Opened 11 years ago
Closed 9 years ago
#51 closed defect (invalid)
Find oculus display more reliably
| Reported by: | Tom Goddard | Owned by: | Tom Goddard |
|---|---|---|---|
| Priority: | minor | Milestone: | |
| Component: | Graphics | Version: | |
| Keywords: | Cc: | ||
| Blocked By: | Blocking: | ||
| Notify when closed: | Platform: | all | |
| Project: | chimera |
Description
Currently we find the oculus display by looking at all attached displays and finding one of the right size (1920 x 1080 for developer kit 2). This isn't going to work if the primary computer display has the same size. Maybe we can also check the display name (if it has a name) to verify it is an oculus display.

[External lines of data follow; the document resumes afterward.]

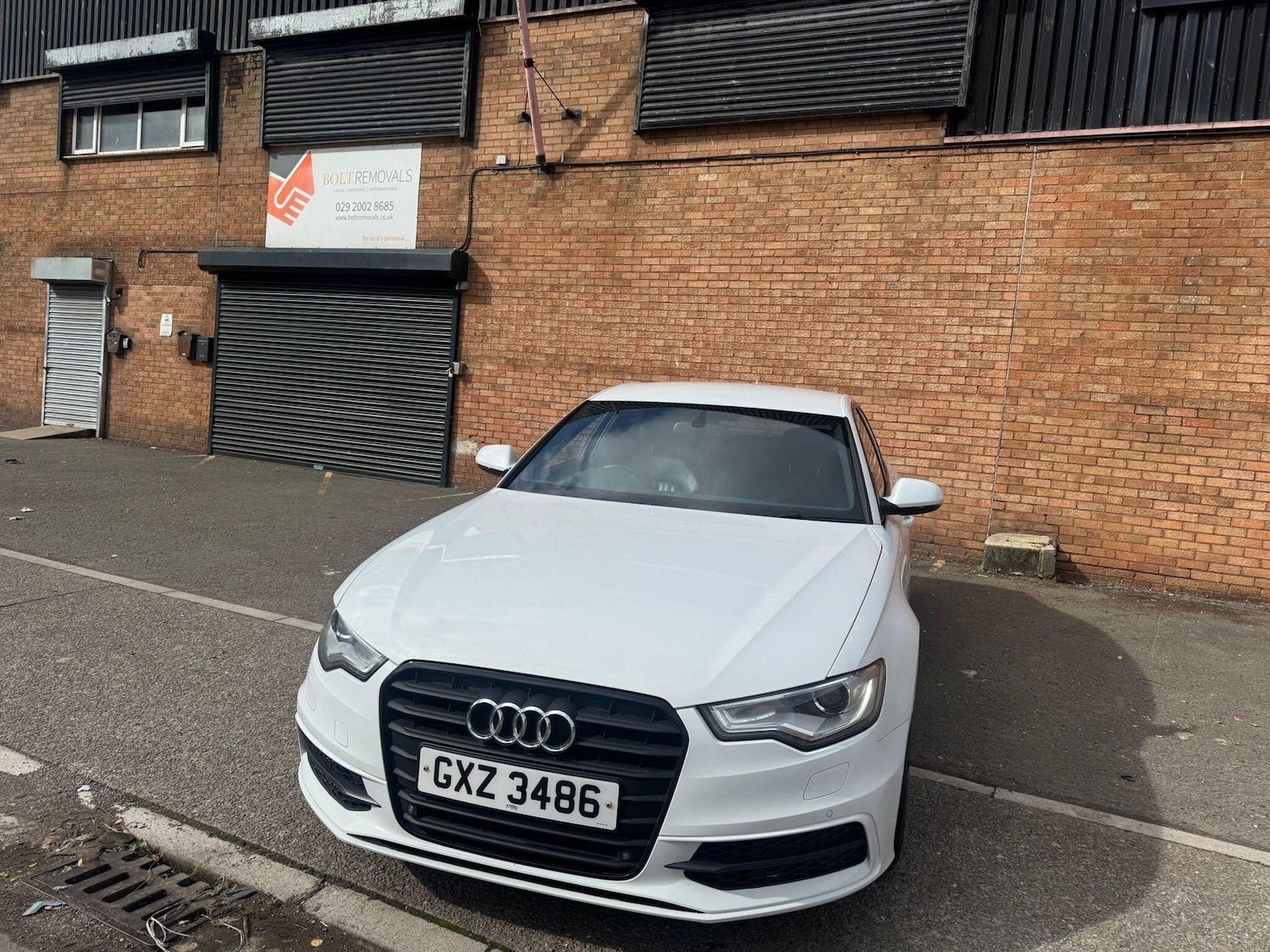 Used Audi A6 Saloon 2014 for sale - 76179354: Photo 14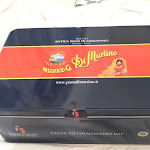 Photo n°1 de l'avis de Damien.o fait le 24/07/2018 à 18:53 sur le  Sea Front Di Martino Pasta Bar à Naples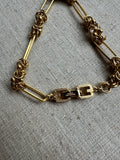 Vintage Givenchy Bracelet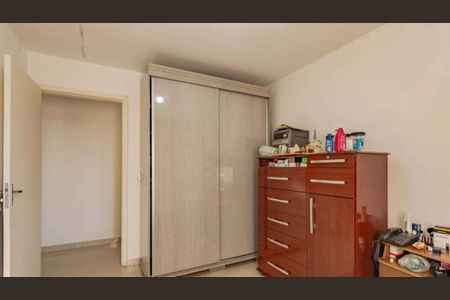 Foto 02 de apartamento à venda com 2 quartos, 58m² em Jardim Ana Maria, São Paulo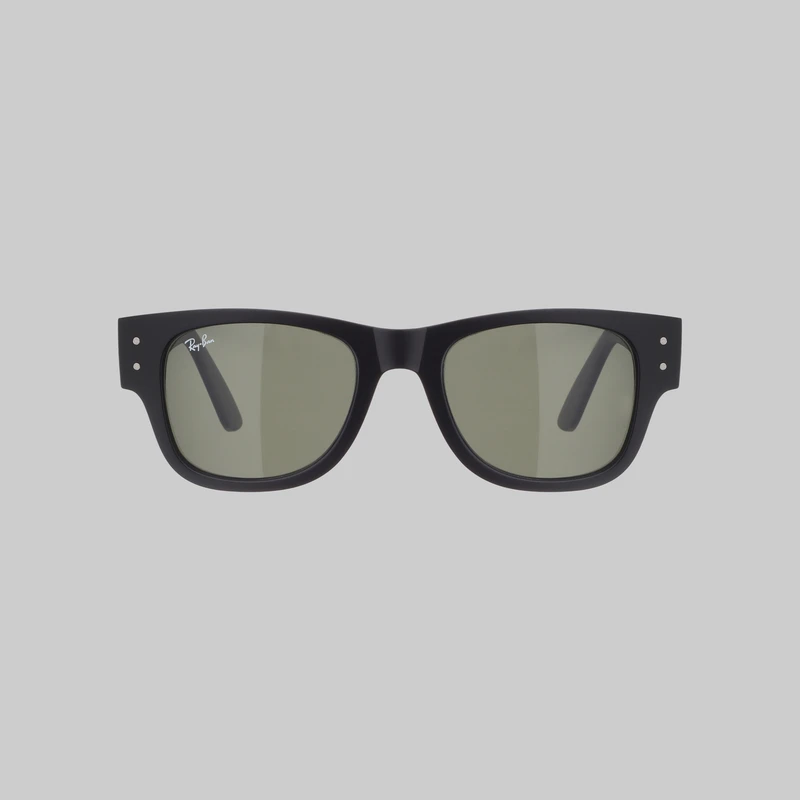 عینک آفتابی ویفرر (Wayfarer) ری بن مدل RB0840-901S-31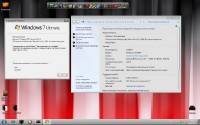 Windows 7 (x86) Ultimate UralSOFT 1.6.27 RU
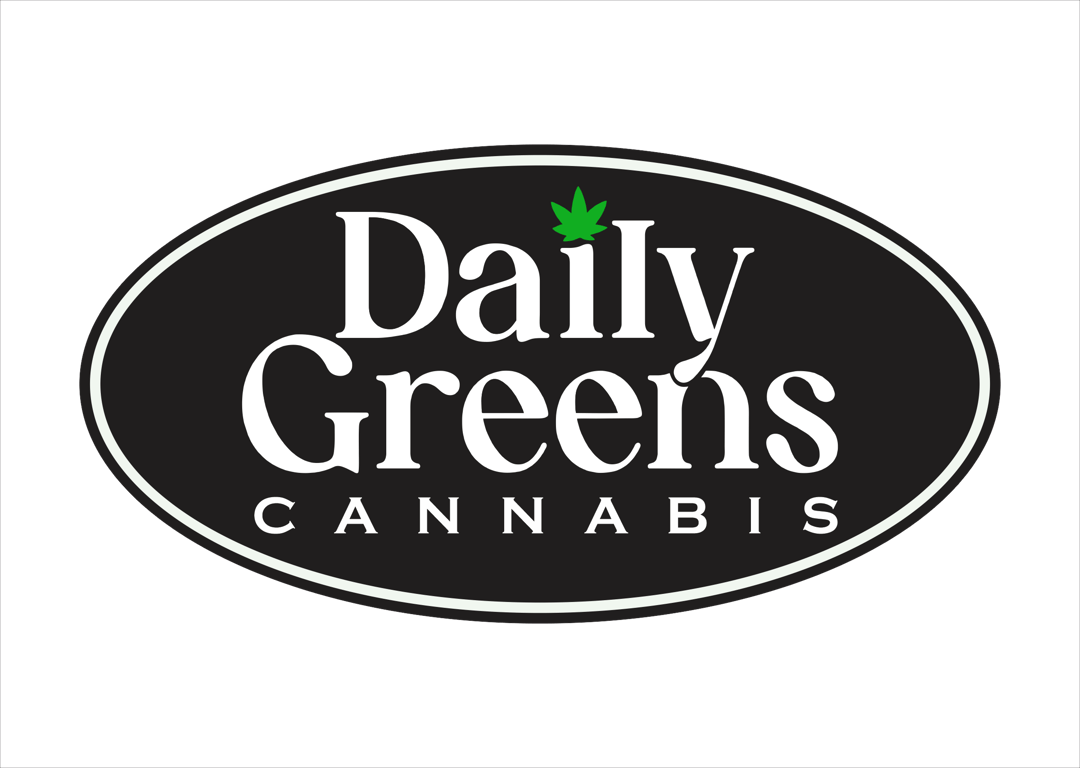 Daily Greens logo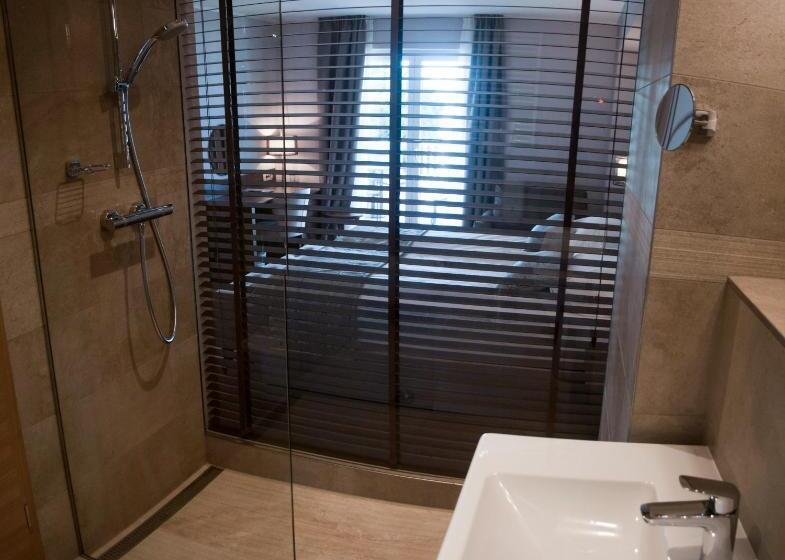 هتل Cliff Belvedere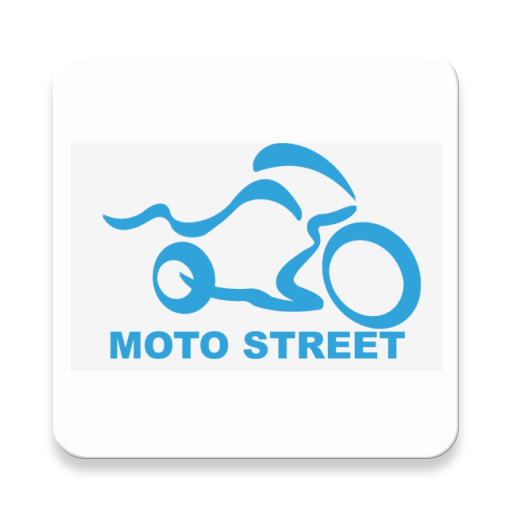 Moto Street Rastreamento icon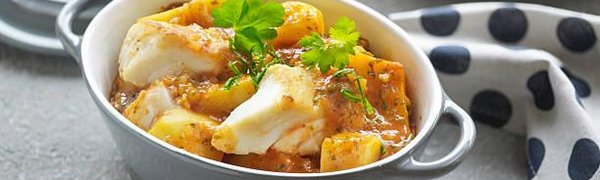 Лучшим стритфуд-проектом России назвали треску с картошкой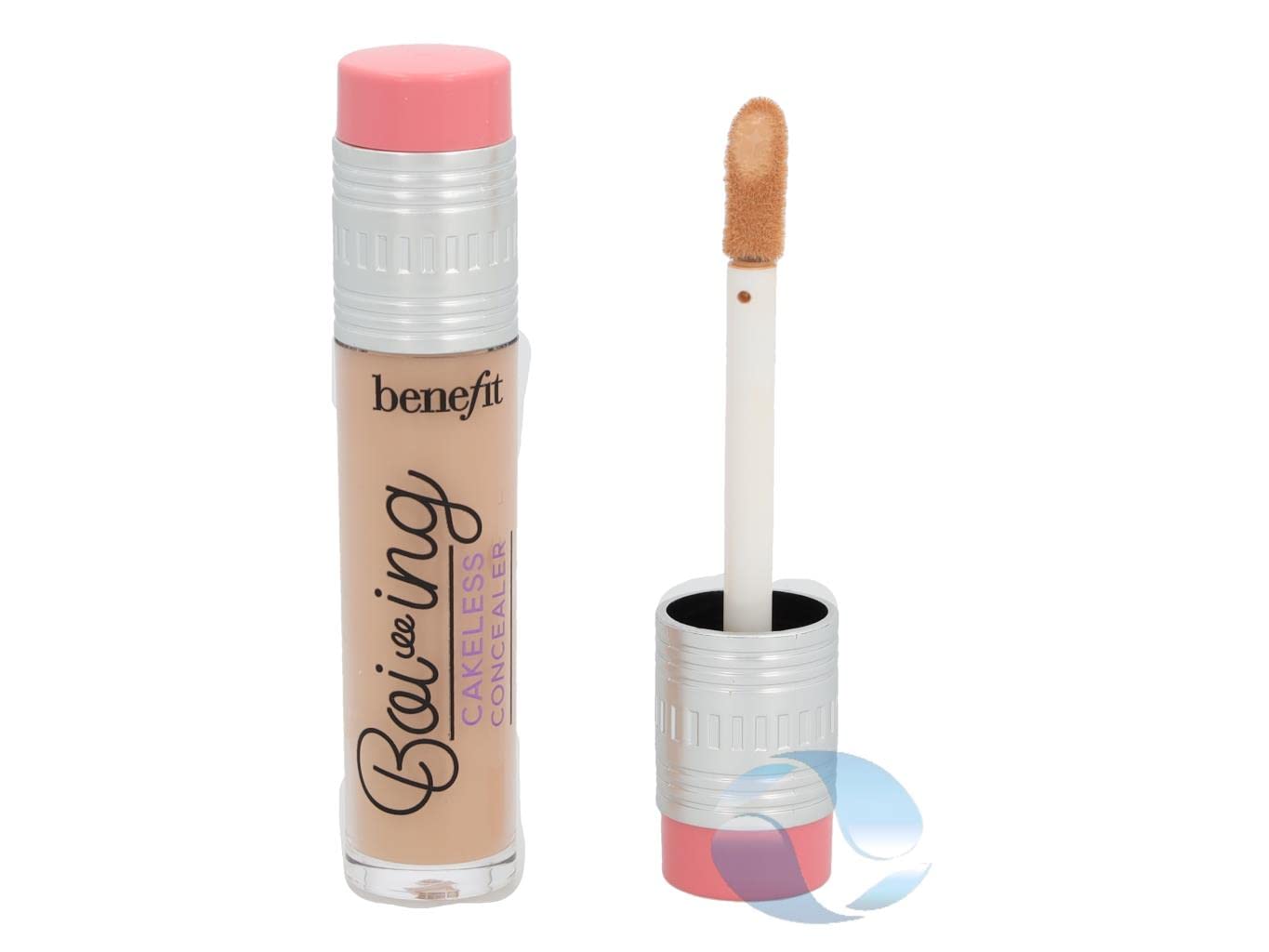 Corrector Benefit Boi-ing Cakeeless #5 Feel Good Light Warm, 5 Ml - Venta Internacional.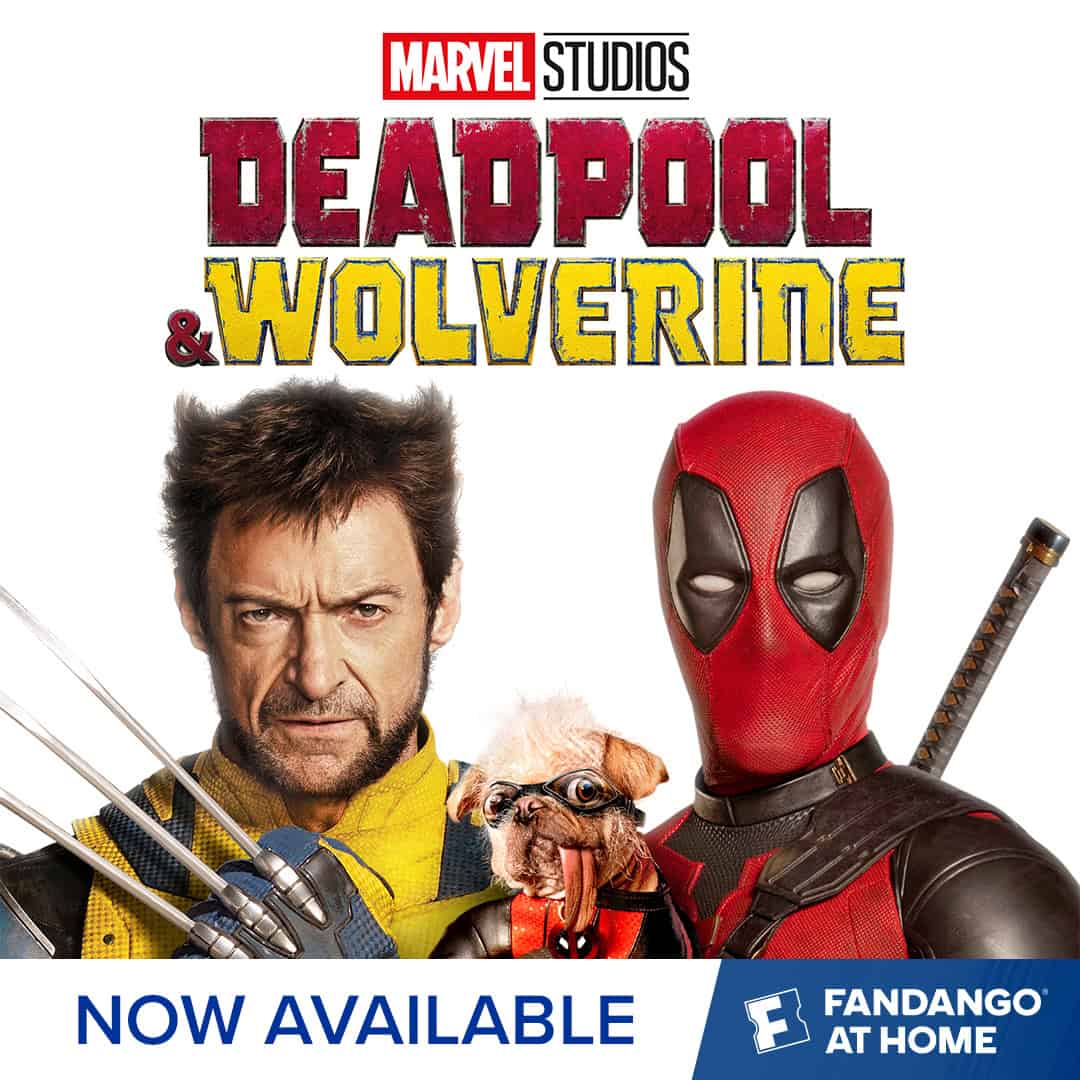 Deadpool and Wolverine: The Most Anticipated Movie of 2024! 74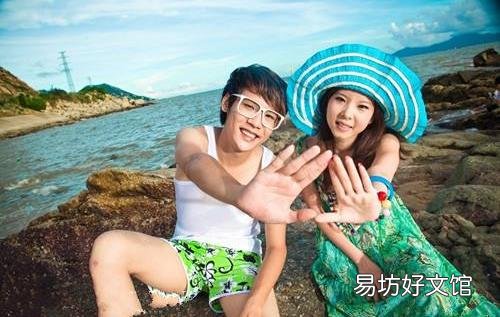 夫妻之间多用“我们”会更幸福哦!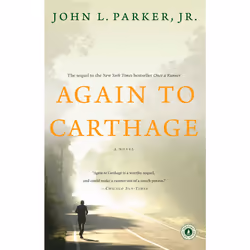 ISBN Again to Carthage, Anglais, Livre de poche, 384 pages
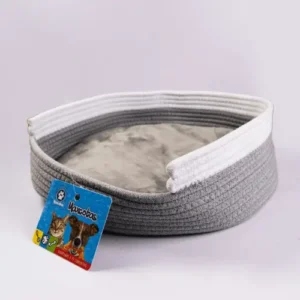 CAMA REDONDA TEJIDA PEQ (MX-873)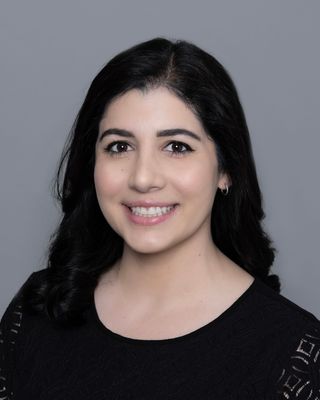Photo of Dr. Chanel S. Rodriguez, Pre-Licensed Professional, PhD, NCC
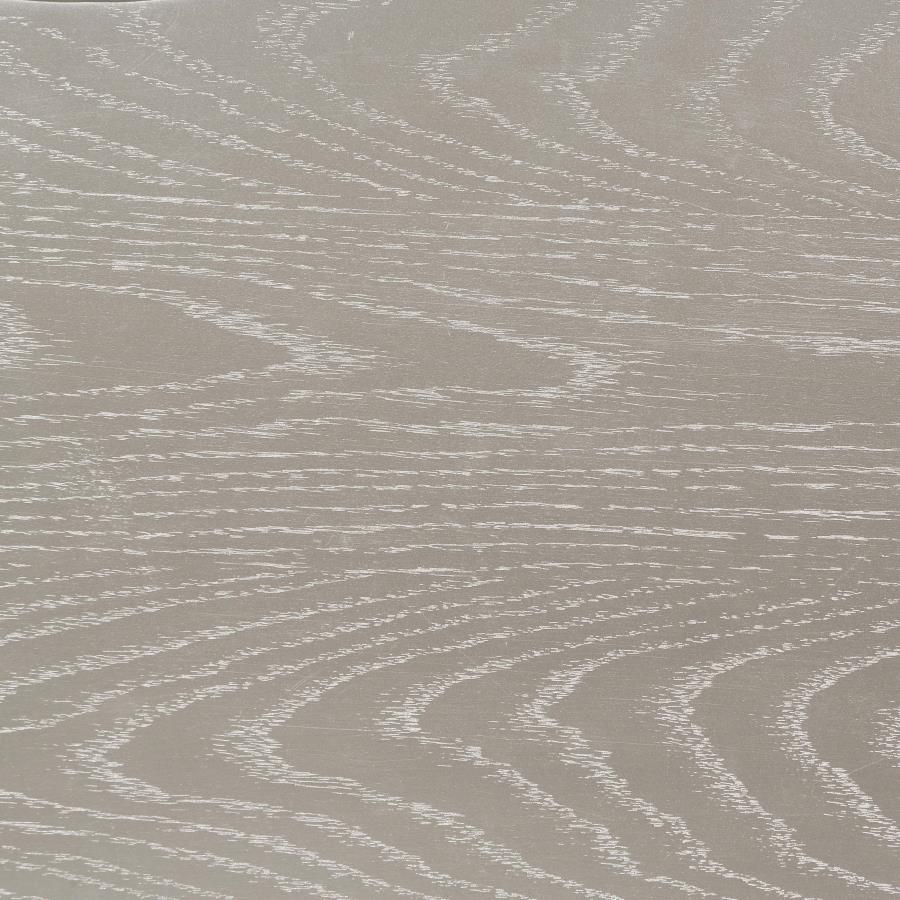 Evangeline - Upholstered Twin Daybed - Silver Oak by Coaster Fine Furniture | Bel Furniture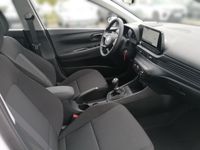 Hyundai i20 - Vorschau Bild 14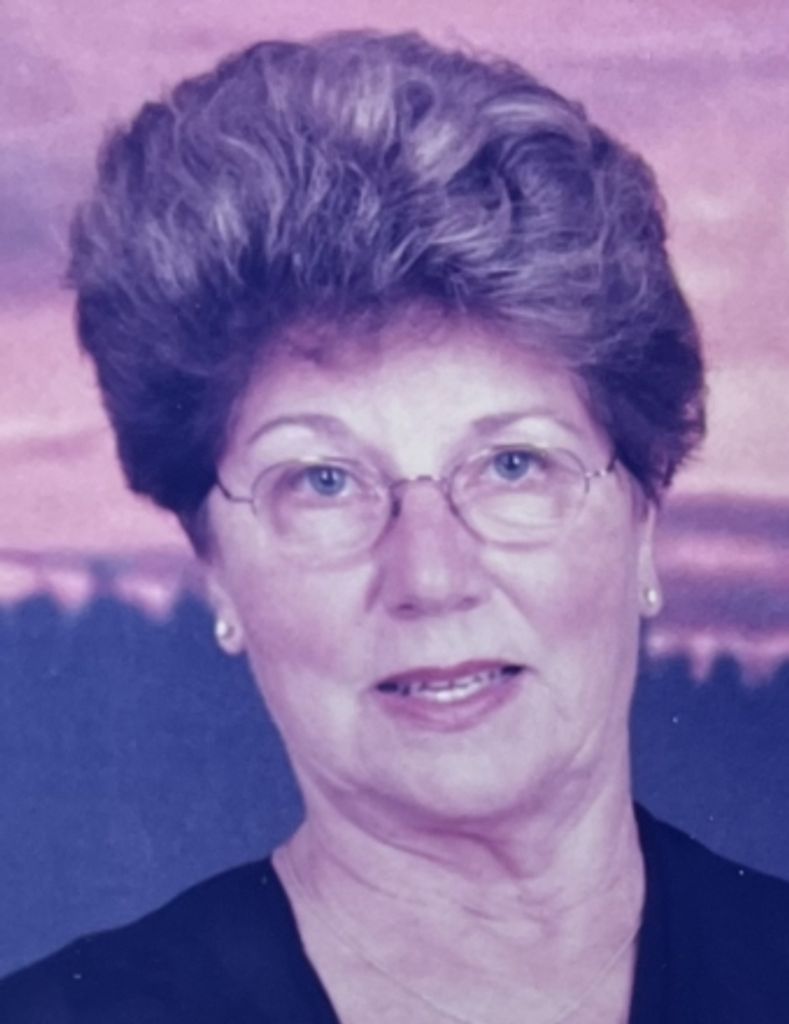 Elizabeth "Betty" Degideo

This problem will probably go away since Oculus says they are going to stop treating the device as another display and instead have it behave just as a peripheral that its driver knows how to talk to. They already offer this on Windows but not on Mac OS.
Change History (3)
comment:1 by , 11 years ago
comment:2 by , 10 years ago
| Component: | User Interface → Graphics |
|---|
comment:3 by , 9 years ago
| Resolution: | → invalid |
|---|---|
| Status: | new → closed |
VR toolkits now use direct rendering rather than extended display.
Although wxDisplay has a GetName() method it returns an empty string on Mac for primary and oculus displays.
I added a test to avoid putting the oculus window on the primary display.